If we go down this route, the field needs to converge on standard measures to minimize researcher degrees of freedom. A good example of a subfield which has done this is reading research, where measures like first fixation time and regressions are now standard (Rayner et al., 1998), and even implemented by commercial eye-tracking manufacturers. But similar standardization is also seen in mouse tracking (Freeman & Ambady, 2010) and pupillometry/listening effort (Winn et al., 2018). We need something similar for the VWP. The onset detection techniques (McMurray et al., 2008b) already offers some standardization across studies. But there should be a standard approach to identifying time windows for area under the curve, or for estimating when two curves separate. And newer approaches like the bootstrapped difference of time series (Seedorff et al., 2018) or permutation-based clustering (Darvas et al., 2004) can offer ways to do AUC with fewer researcher degrees of freedom as they automatically estimate both the difference between the curves, and the time window over which they are significant (though perhaps don’t take the time estimates too seriously!). A corollary to all of this is that in our zest for ever greater statistical precision, we may want to stop encouraging authors to adopt the latest, greatest time-course approach (listen up, Reviewer 2)—a well-justified index may be more appropriate, just as powerful, and unlikely to lead to Type I errors.

However, researchers should also consider a more serious exploration of the sequence of fixations (rather than fixation curves). In addition to their use as dependent variables, such measures could serve as independent variables or covariates in an analysis of fixation curves (Apfelbaum et al., 2022). Does the latency or duration of looking (at the subject level) predict anything about their fixation curves? Or does the likelihood of fixating one thing alter fixations downstream? Again, this needs to be standardized. But we must also consider the sequence of fixations in a task like this as an interesting behavior in its own right, divorced from any psycholinguistic hypotheses we may want to test. Or we may wish to estimate the time course of fixations using nonlinguistic analogue tasks (Farris-Trimble & McMurray, 2013) as a covariate to remove variance from the fixation system.

Rigor and reproducibility

Perhaps no other issue has animated the behavioral sciences quite like the so-called replication crisis (Bakker et al., 2012; Open Science Collaboration, 2015; Schmidt, 2010). There are many factors that contribute. Outright dishonesty and sloppiness, or the abuse of researcher degrees of freedom are problems, and inexcusable ones. However, lack of replicability may also derive from chasing weak effects with low-powered studies, or unreliable methods. These simulations speak to issues of power and reliability. They suggest that attaining methodological rigor in the VWP requires deeper thinking about power and reliability that is more intricately tied to the contribution of the chunky stochastic nature of the fixation-generating system.

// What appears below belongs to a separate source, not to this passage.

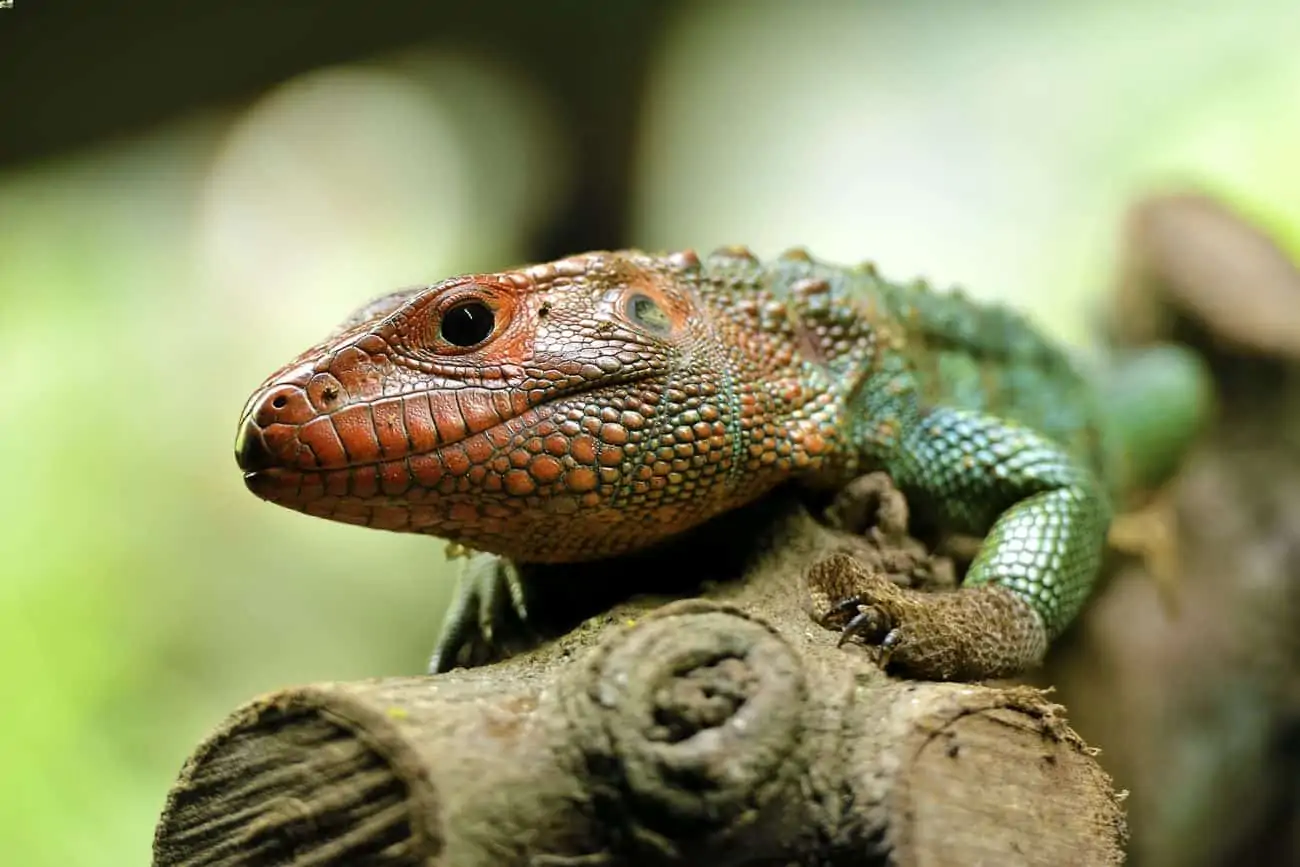 A pet caiman lizard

Oberauer and Lewandowsky (2019) offer a compelling theoretical addition to this list, and one that may be most important issue. They argue that a major contributor is that most theories are under-constrained in their ability to make clear predictions about the data. This harkens back to earlier work by (Meehl, 1990; and see Scheel et al., 2021, for a more recent synthesis) calling for the need to understand the entire derivation chain—from latent theoretical construct to observable behavior. Oberauer and Lewandowsky (2019) build on this with a Bayesian analysis that models the likelihood of a prediction given the theory, the likelihood of the data given the prediction, and so forth. They show that if the likelihood of a prediction given a theory has any uncertainty in it, a failure to replicate is depressingly likely, as the uncertainty at this lowest level of the chain cascades through the system.

How does this apply here? Theories of language processing are usually described as theories of activation or consideration, not fixations. That is, a theory predicts that a given word (or interpretation) is more active under one condition than another. The problem is that researchers often assume a direct relationship between heightened or delayed activation and increased or later fixations. Our simulations suggest concrete cases where this assumption is not warranted, where activation or the timing of activation does not predict increased activation: Even if the theory predicts heightened activation or a difference in the timing, this may not consistently appear as corresponding differences in the fixation curve.

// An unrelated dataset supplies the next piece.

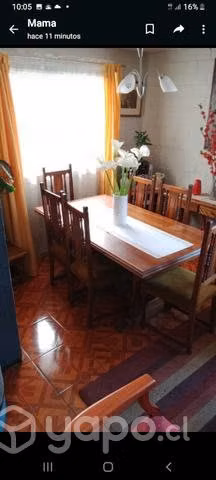 Comedor eucaliptus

First, whenever the competitor is predicted to be only briefly active (a few hundred ms), it may not be fixated very much—even if it is highly active (e.g., Fig. 13e). This may underly the failure to observe predicted effects of short competitors (Teruya & Kapatsinski, 2019). Second, effects on the timing of the function seem to cascade over time in the trial to where the timing of the underlying activation is less reliably reflected in the fixation curves at later points in the trials. Thus, theories that predict differences later in the trial may be less testable than those that predict early effects.

Third, theories are moving beyond simple ordinal claims to more precise claims about quantitative indices such as the slopes or asymptotes (e.g., McMurray et al., 2022a). A realistic fixation model makes such predictions more challenging. A theory may predict an effect on the final asymptote of the cohort competitor (e.g., McMurray et al., 2022a), but our simulations suggest the asymptote is strongly collinear with the offset slope (r=−.453, Table 5) even in the absence of such a correlation in the underlying data. This may make it challenging to test theories that make more precise claims about the time course of processing.

Finally, more broadly, reliability and validity were lower across all parameters due to the fixation-generating function. This is true for all indices when there are few trials, and some even when there were a lot of trials (e.g., slopes of the competitor fixations). In many cases reliability and power are poor enough that one should not predict differences in the fixations even if underlying activation is changing in the correct direction. This has to be considered as a source variance in mapping the theory to the predictions—the source of noise highlighted by the Oberauer and Lewandowsky (2019) analysis. This needs to be considered in any analysis of replicability or reliability of the VWP.

Thus, at multiple levels, the ability to make precise predictions from a theory of activation to the observed fixation data results is compromised when we consider more complex generating functions. That is, even when we know the underlying function, the observed fixation curves are not always predictable. And just as described by Oberauer and Lewandowsky (2019), this cascades through the inferential chain to impact reliability and power. Oberauer and Lewandowsky’s approach applied here suggests that even the simplest change in this linking assumption creates large uncertainty in the predicted fixation data. That is, without really knowing the fixation-generating function is, it may not be possible for a theory to make accurate predictions about the data in all cases.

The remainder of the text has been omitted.